A treasure trove:‘Imagine our surprise when we saw a blackbuck on our first morning out!' said the researchers, who also recorded the presence of, among other things, the baya weaver bird.— FILE PHOTO
A treasure trove:‘Imagine our surprise when we saw a blackbuck on our first morning out!' said the researchers, who also recorded the presence of, among other things, the baya weaver bird.— FILE PHOTO

When a group of ecologists began their survey of the arid and rocky landscape of the 1500-acre Indian Institute of Science campus in Chitradurga, they least expected to hit upon a biodiversity treasure trove.

The new campus — where a massive high-energy electron accelerator has been proposed among other major projects — is in fact a thriving habitat for rare and endangered species, including, most excitingly for the researchers, the blackbuck.

In its checklist, the ‘rapid biodiversity survey' conducted by students and faculty of the Centre for Ecological Sciences at IISc. has: the Indian fox, “a grassland specialist”, the baya weaver known for its complicated nest, the large great horned owl and scores of reptiles that inhabit the shrubs, creepers and herbs of this ecosystem.

While the team had heard “rumours” from residents that blackbuck have been sighted here, “we ecologists, with our usual cynicism and arrogance dismissed these accounts,” they write in their report.

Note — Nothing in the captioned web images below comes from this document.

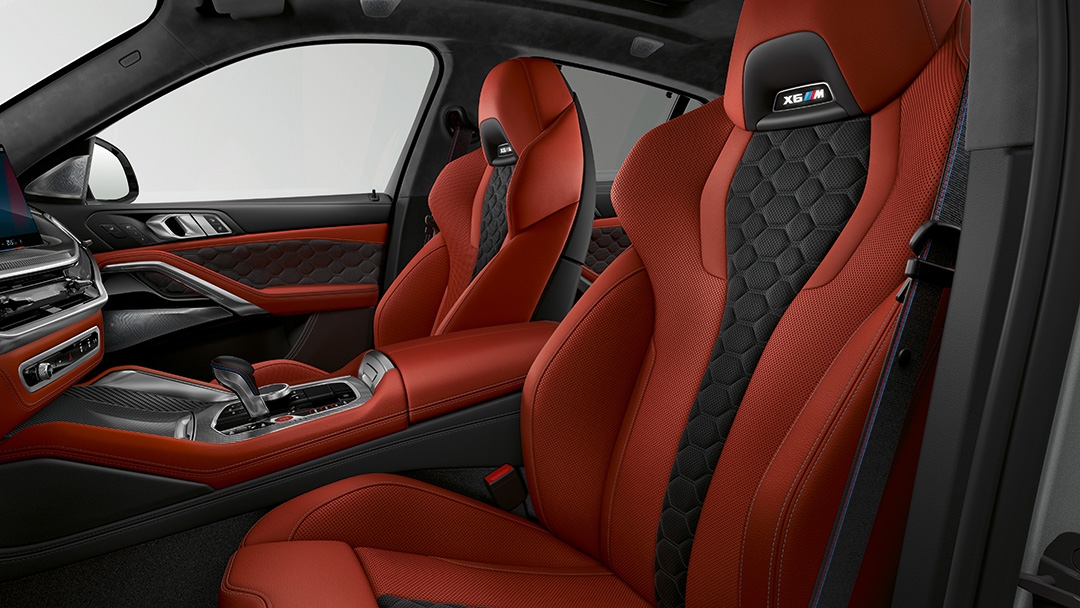 Жүргізуші мен алдыңғы жолаушыға арналған М мультифункционалдық орындықтар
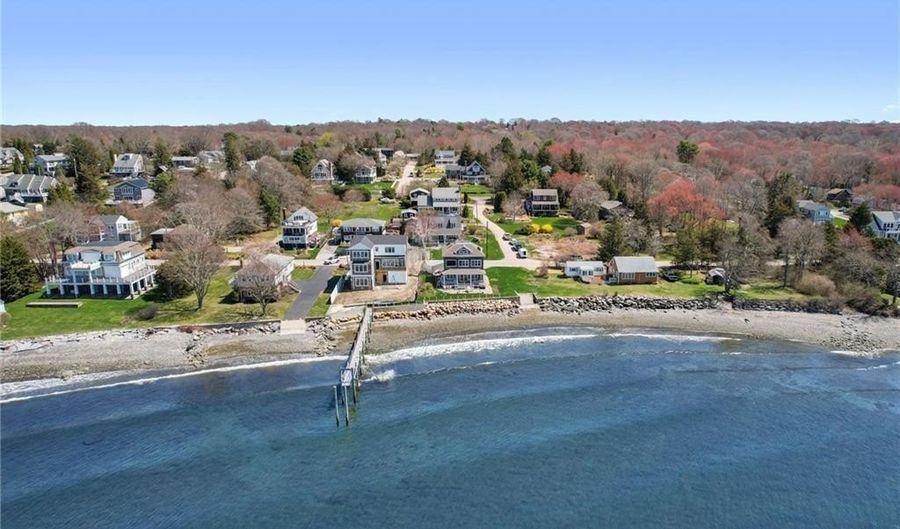503 Seaside Dr, Jamestown, RI 02835 - 2 Beds, 3 Bath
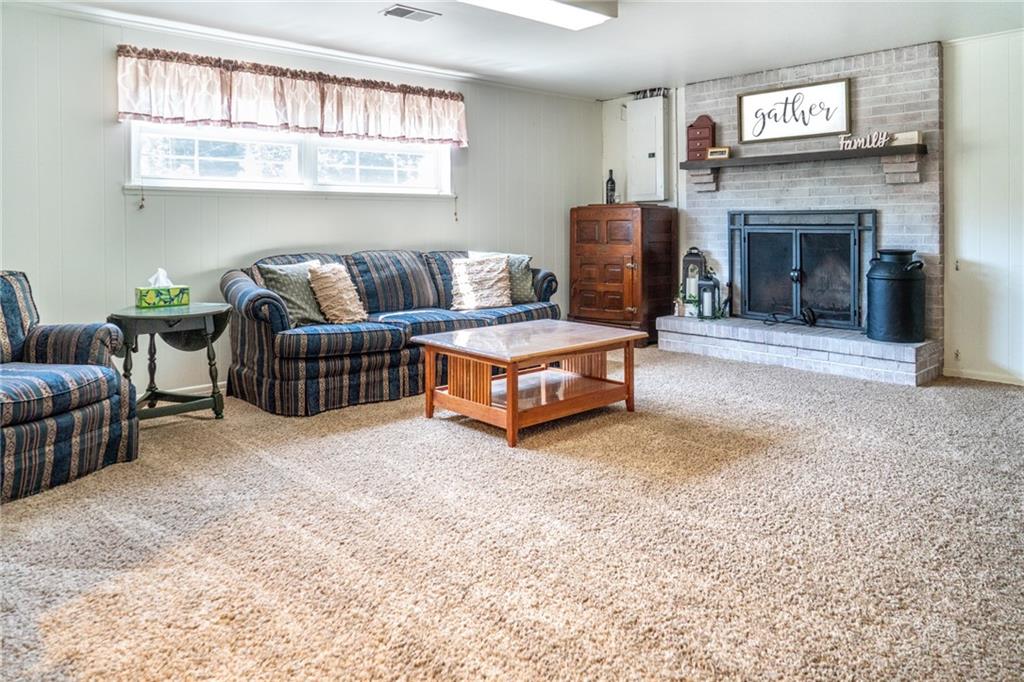 938 Harper Road Crescent, PA 15046 - Photo 25 of 37 Gallery Image 25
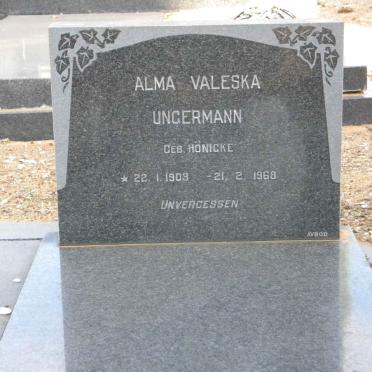 U - Surnames :: Vanne - U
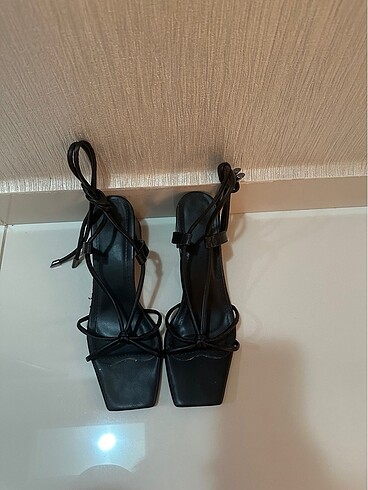 Rahat topuklu ayakkabı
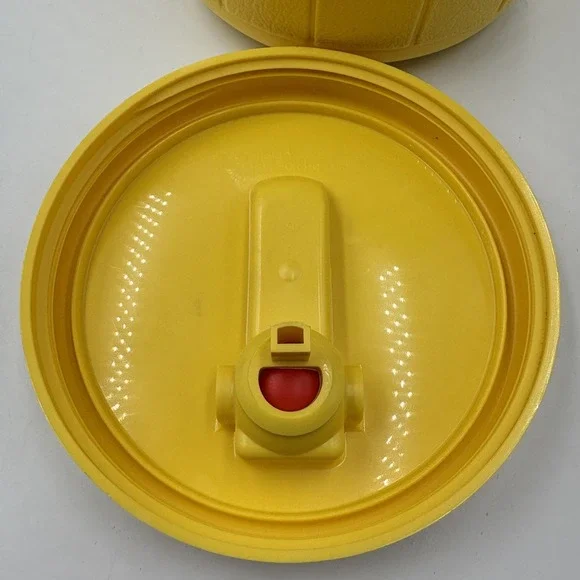 Coleman X Slim Jim Water Bottle 42 Oz Yellow Insulated Jug USA Vintage Skater - Picture 10 of 12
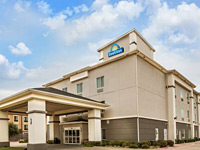 Days Inn & Suites by Wyndham Mineral Wells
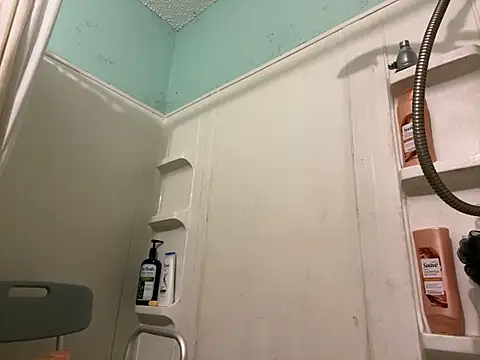 yomanfriend online show from 12/16/24, 05:33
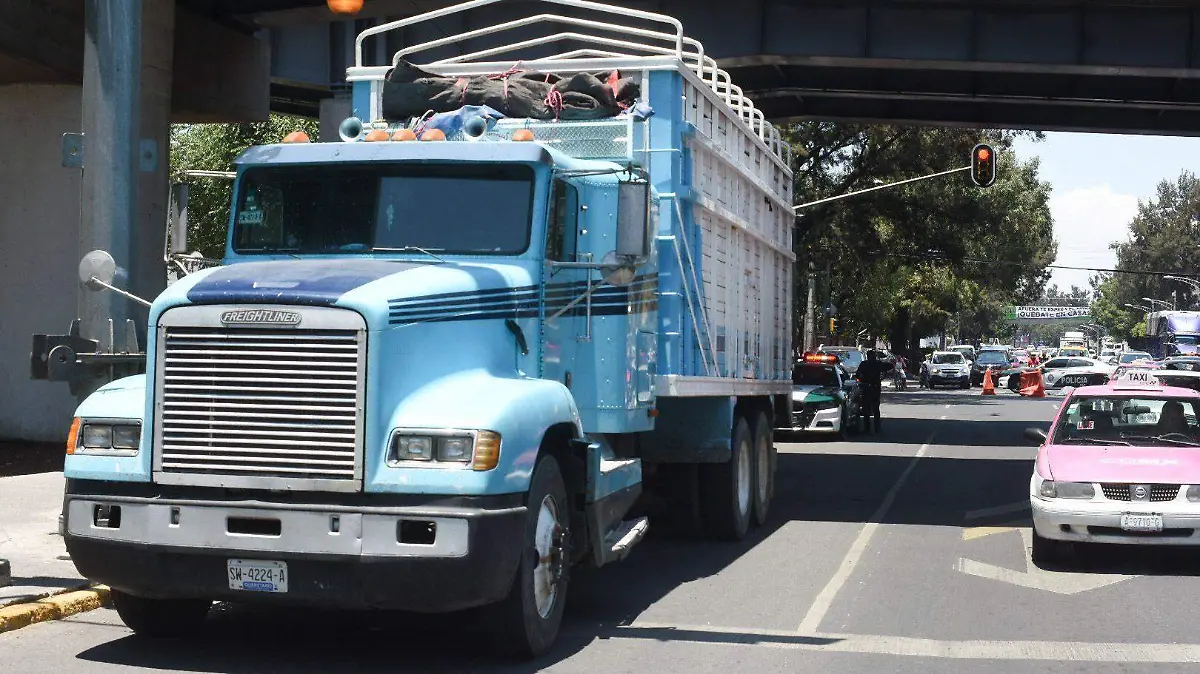 Proponen horarios nocturnos para transporte de carga en CDMX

After all, blackbuck are rare, endangered and cling to vanishing patches of grasslands. “So imagine our surprise when we saw blackbuck on our first morning out!”

The team, which crisscrossed the campus with their survey maps, cameras and GPS devices, “getting endlessly lost” in the vast flat landscape, now recommends that this startlingly rich biodiversity be preserved in development plans for the campus.

Some areas must be set aside as “protected preserves” within the campus — including the rocky outcrops of northwest part of the campus and the grasslands at the centre of the campus.

The report recommends several measures to ensure “ecologically sensitive development”. These include building a peripheral road around the campus, avoiding fences and walls around buildings to give animals such as blackbuck freedom to move. The campus, along with those allotted to other research organisations such as DRDO are islands of natural vegetation, taken over from local grazers and farmers who ensured the ecosystem remained healthy, the report points out.